Ich selber bin ich wohl schon lange nicht mehr, oder doch? Ich weiß es eben nicht. Ich weiß überhaupt nicht mehr, wer ich eigentlich bin, was ich will. Ich funktioniere halt immer irgendwie so, wie es mir gesagt wird bzw. wie es halt erwartet wird, von Kollegen, Vorgesetzten, Bekannten, Verwandten...
Die Geschichte von Herrn Tuchur kannte ich noch nicht, aber ja, oft sind die Dinge gar nicht so groß, wie sie scheinen.

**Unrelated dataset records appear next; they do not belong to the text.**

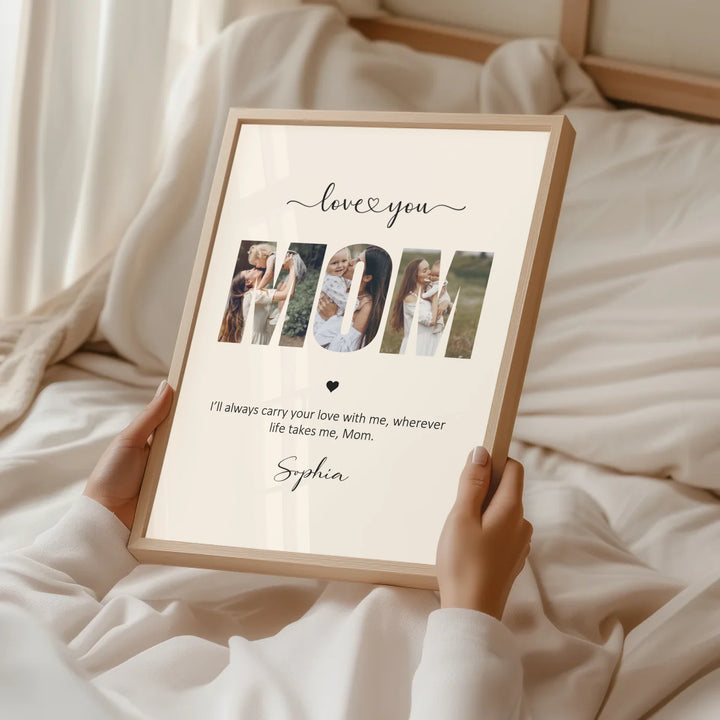 JY Creative 5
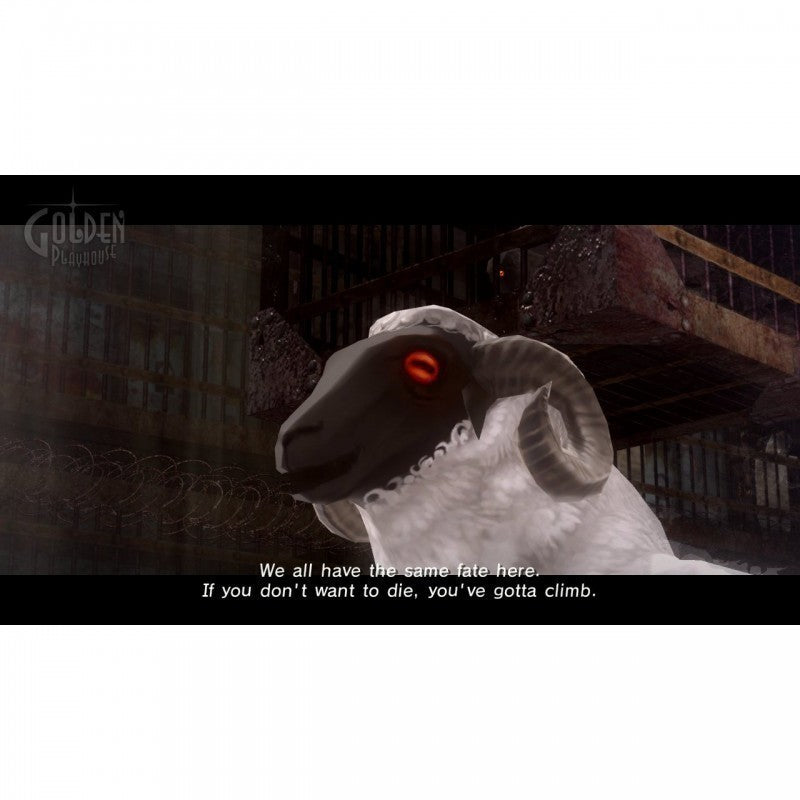 Catherine (US)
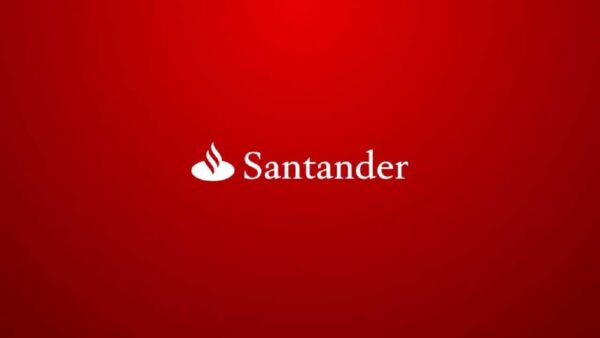 Cartão Santander -Entenda as Vantagens e Solicite 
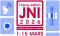 JNI 2026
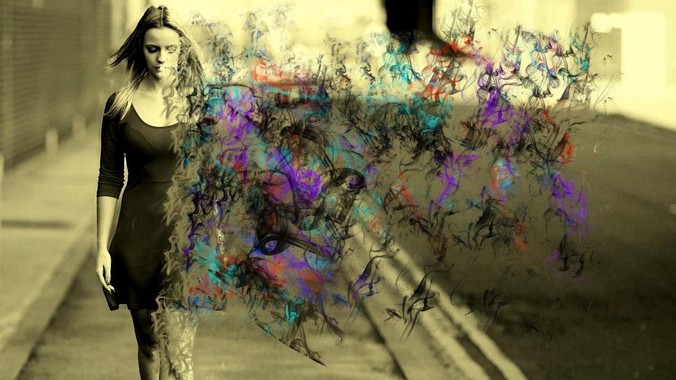 为何linux安装程序会很麻烦？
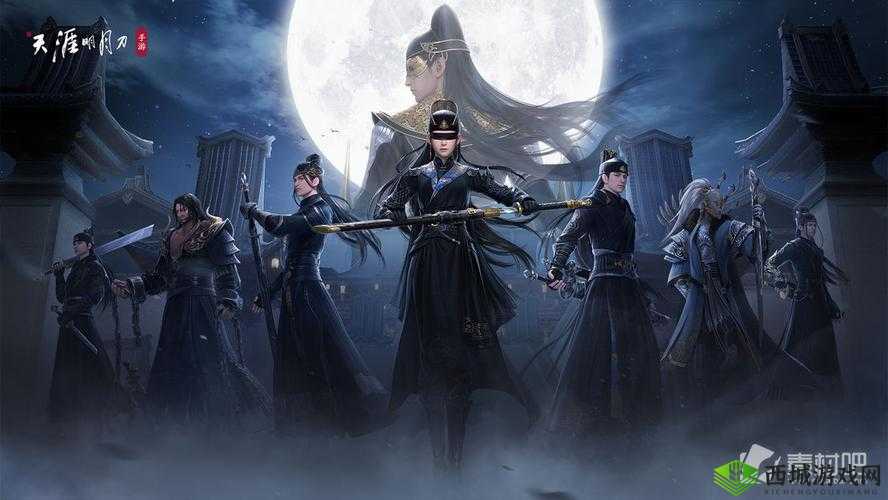 功夫少林手游棍僧玩法与心法搭配攻略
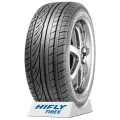 Шина Hifly Vigorous HP801 225/45R19 96W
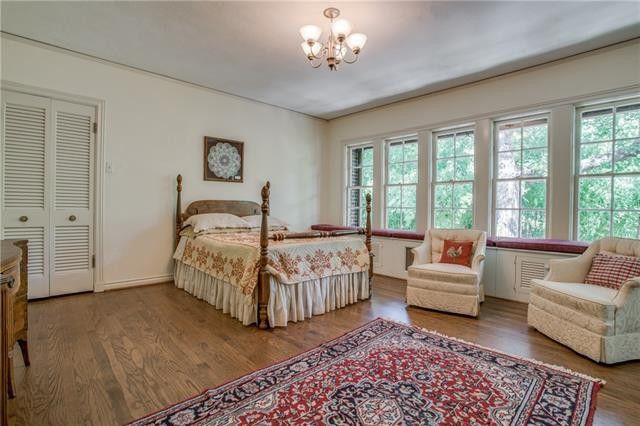 1122-Montclair-vector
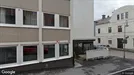 Lägenhet att hyra, Östersund, &lt;span class=&quot;blurred street&quot; onclick=&quot;ProcessAdRequest(3223697)&quot;&gt;&lt;span class=&quot;hint&quot;&gt;Se gatunamn&lt;/span&gt;[xxxxxxxxxx]&lt;/span&gt;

Man muss sich nur die Mühe machen und den Mut haben, auf sie zuzugehen und sie aus der Nähe zu betrachten bzw. die Dinge einfach angehen. Habe ich das richtig Verstanden?

Jetzt noch einmal Danke an alle bisher für die Zustimmungen, die guten Wünsche und die Anregungen.
Könnt ihr euch vorstellen, wie froh es mich macht, einfach mal verstanden zu werden? Das ist wirklich selten.
Ich werde es jetzt auf jeden Fall angehen, auch, wenn es nicht so einfach wird.
So, wie bisher, kann es jedenfalls nicht weitergehen. So will ich einfach nicht mehr.

Liebe Grüße
Sandra
 
G

GrayBear

Gast
Hallo Sandra,

danke für Deine Rückmeldung. Ja, leider scheint es im Leben immer wieder so, dass die Probleme so groß und die eigenen Kräfte so klein sind. Aber sobald wir Schritte unternehmen, ändert sich der Blickwinkel und manchmal kommen einem das Leben und freundliche Menschen auch zuhilfe. Kennst Du das wichtigste Wort eines erfolgreichen Projektleiters? = NEIN. Sag hin und wieder NEIN, damit Raum für DEIN JA entstehen kann.

Du bist nicht mehr Du selbst? Äh ... (liebevolles) Blödsinn! Du bist so, wie Du bist, weil das bisher in Deinem Umfeld so funktioniert hat. Nein zu sagen, kann zu Wellen führen, für etwas (auch für Dich) einzustehen, kann Widerspruch hervorrufen. "Du warst doch bisher so eine angenehme Person/ein liebes Kind und was bist Du jetzt?". Einfach ein Mensch mit einem eigenen Leben, eigenen Gedanken und eigenen Aufgaben.

Noch ein letzter Tipp: wenn Du Ziele formulierst, dann verzichte auf das Wort "nicht". Nimm Dir vor, was Du willst, wofür Du eintreten wirst. Womit geht es weiter, was macht Dir Freude, was möchtest Du in diese Welt bringen?